Retype the records below from their first line through the line holding "Букет цветов из: Розы, Альстромерии", including both ends and no pictures.

[Source records]
= = = = =
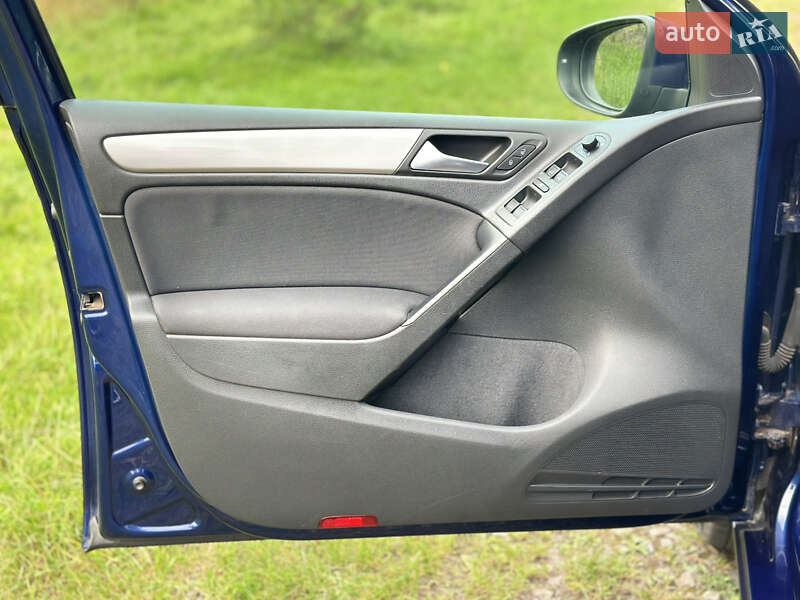 Хетчбек Volkswagen Golf 2008 в Самборі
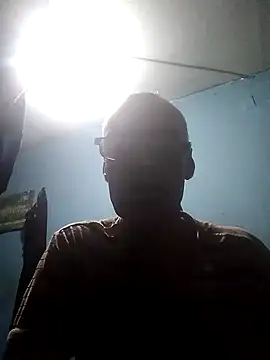 hugosafado333 online show from December 2024 05:29:02 AM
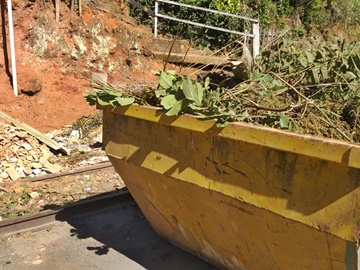 Sujeiras e matos na linha férrea são removidos no Bairro Poço Fundo em Marechal Floriano
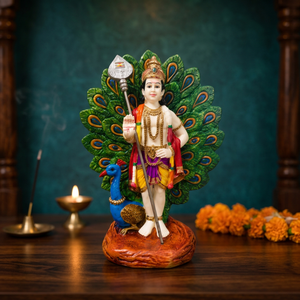 Artisanat Nirmala : Statue artisanale en résine du Dieu hindou traditionnel Lord Murugan Kartikeya avec fond en plumes de paon pour la maison - Product Image 3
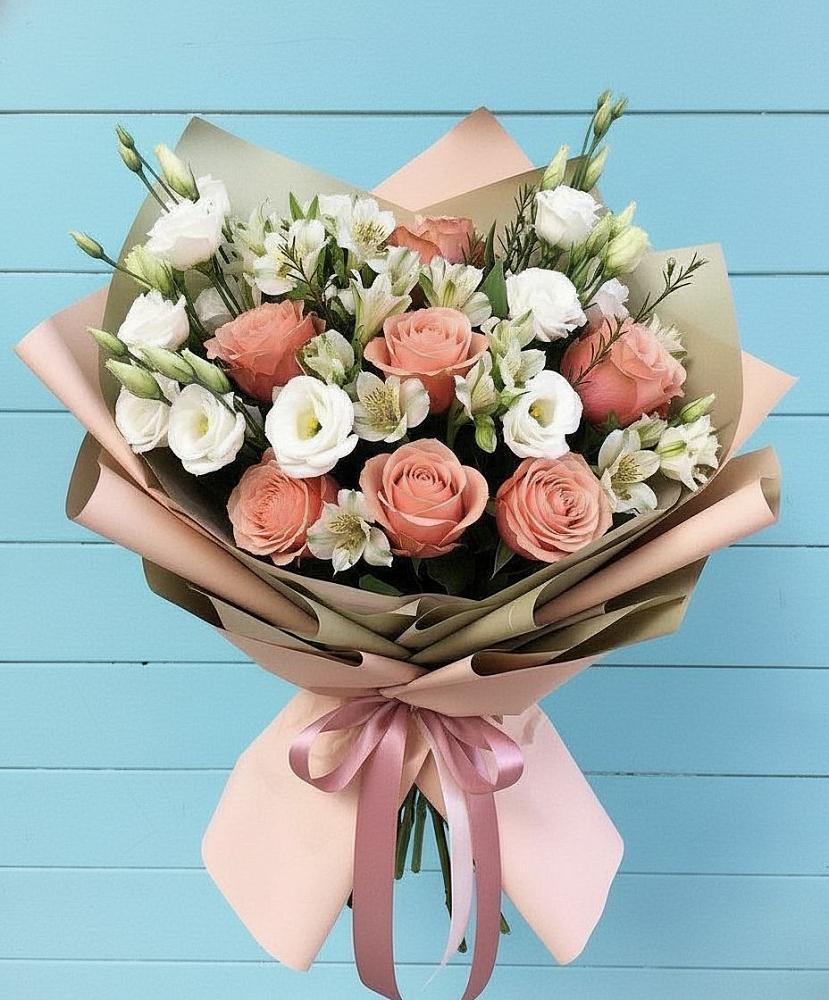 Букет цветов из: Розы, Альстромерии и Лизиантусы в Копанской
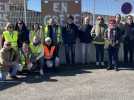 Les chauffeurs d'Autocars Faure mobilisés à Bagnols-sur-Cèze pour soutenir leur directeur mis à pied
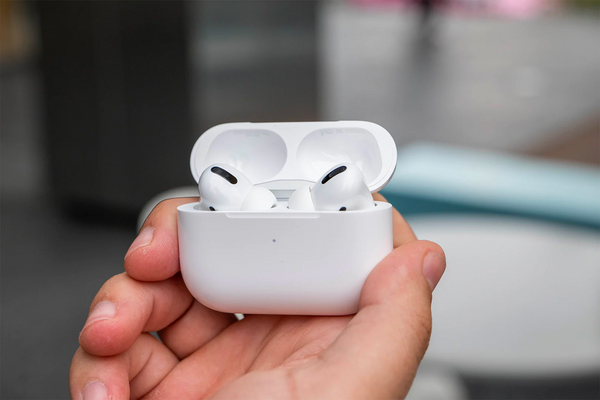 Purchase Protection: How I Lost 2 Pairs of AirPods and Got Both Fully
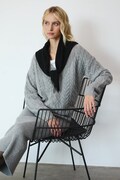 Sweter damski z warkoczowym splotem kolor szary RW25-SWD073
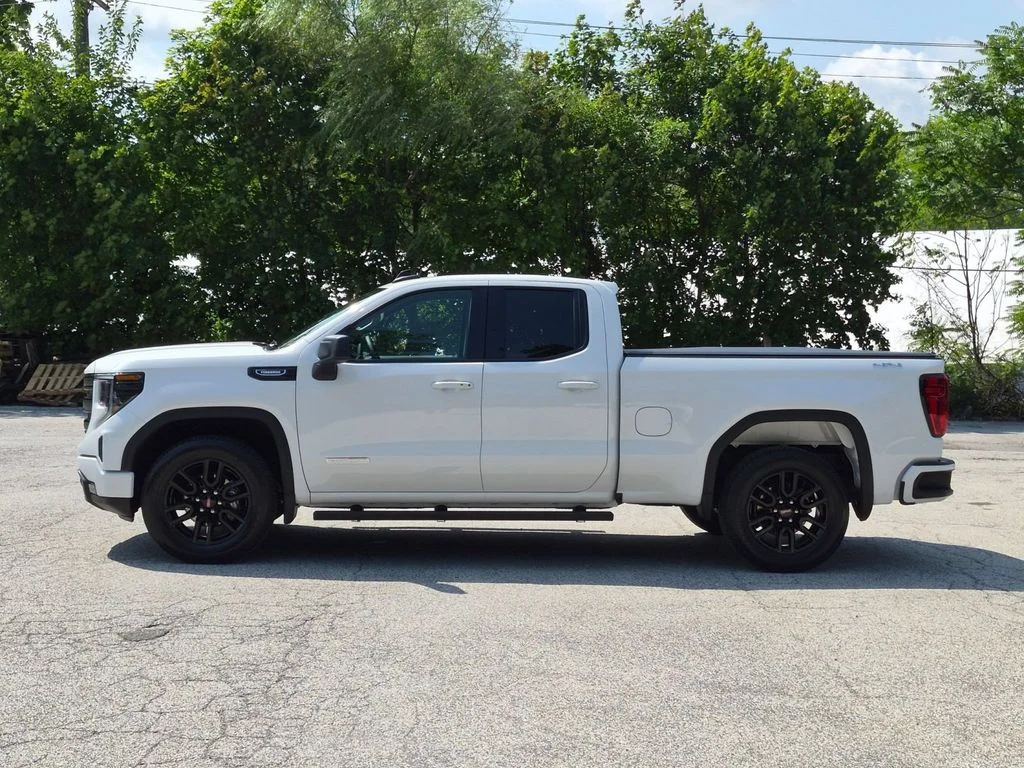 Used 2026 White GMC Elevation image 8
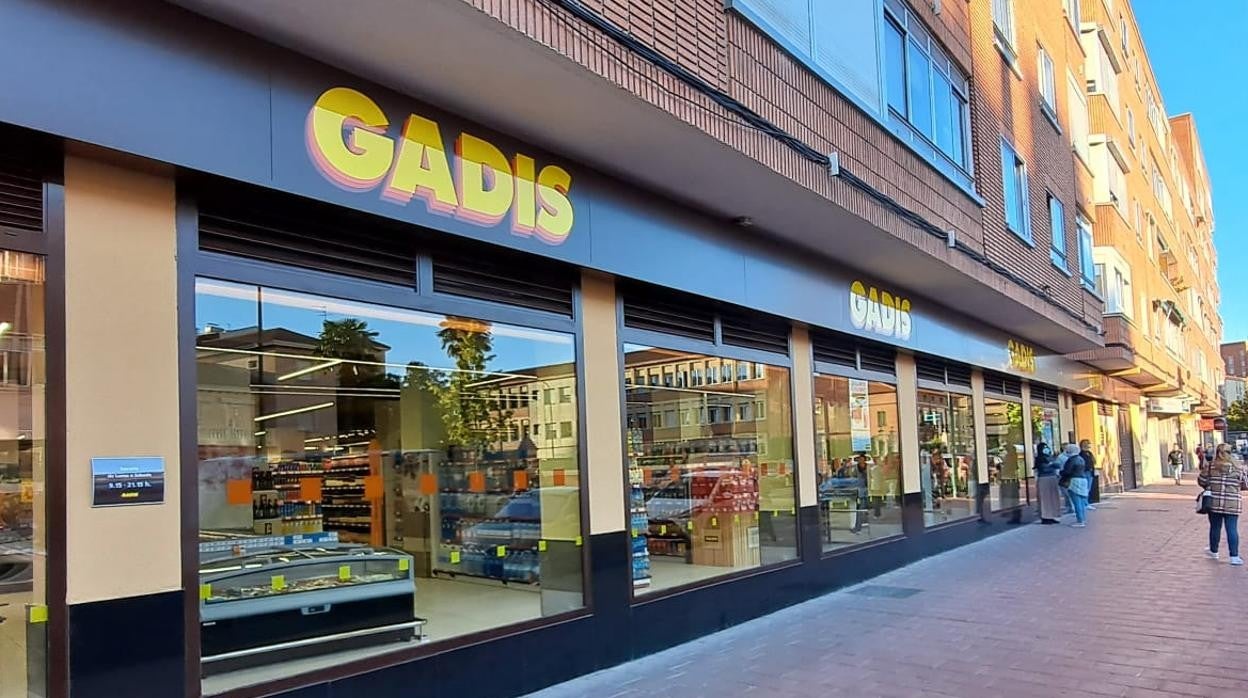 Supermercado Gadis de la Avenida de Segovia de Valladolid.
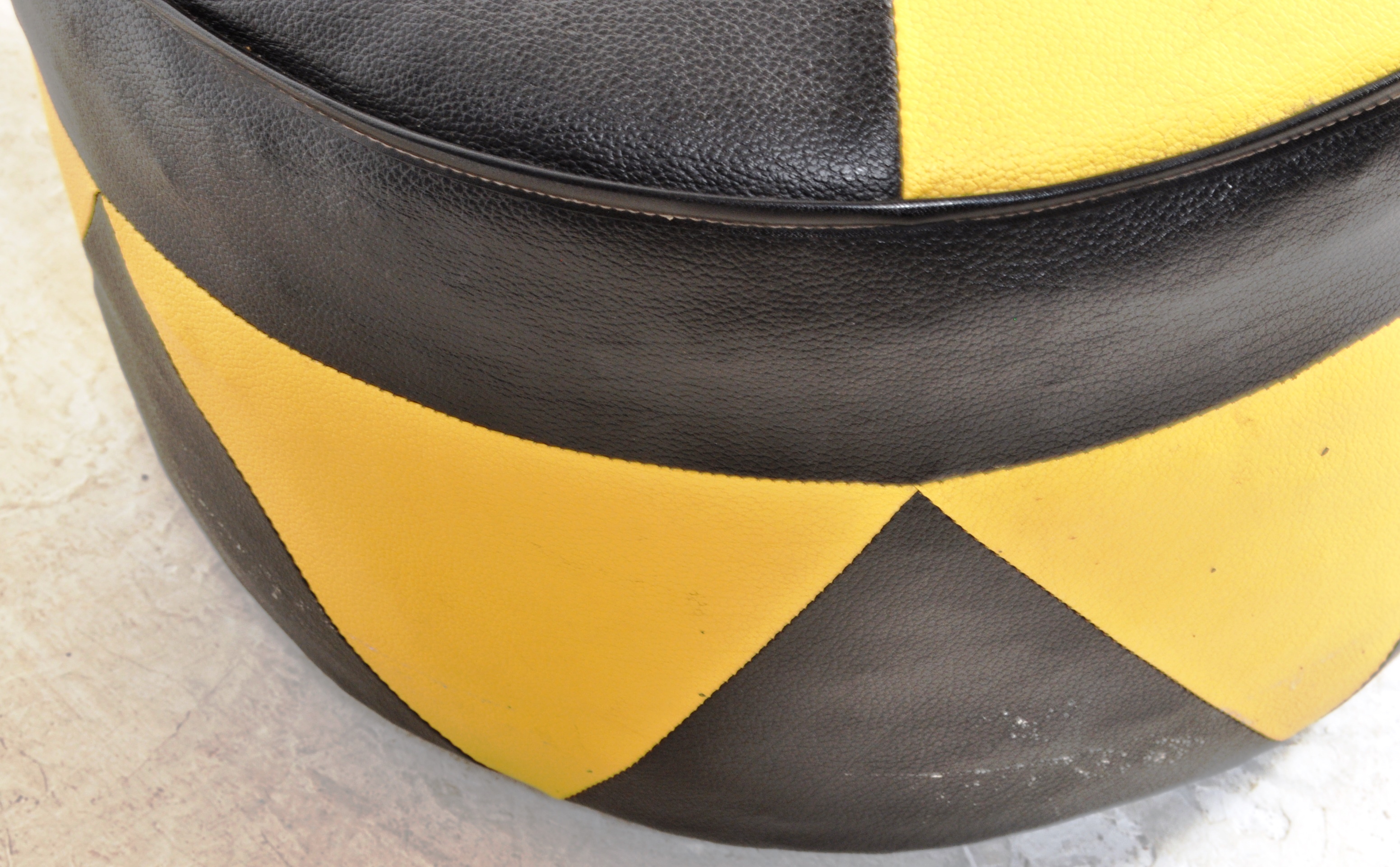 RETRO VINTAGE CIRCA 1970S BLACK AND YELLOW LEATHER FOOTSTOOL - Image 3 of 3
= = = = =
* [Exercise answer]
 Хетчбек Volkswagen Golf 2008 в Самборі
 hugosafado333 online show from December 2024 05:29:02 AM
 Sujeiras e matos na linha férrea são removidos no Bairro Poço Fundo em Marechal Floriano
 Artisanat Nirmala : Statue artisanale en résine du Dieu hindou traditionnel Lord Murugan Kartikeya avec fond en plumes de paon pour la maison - Product Image 3
 Букет цветов из: Розы, Альстромерии и Лизиантусы в Копанской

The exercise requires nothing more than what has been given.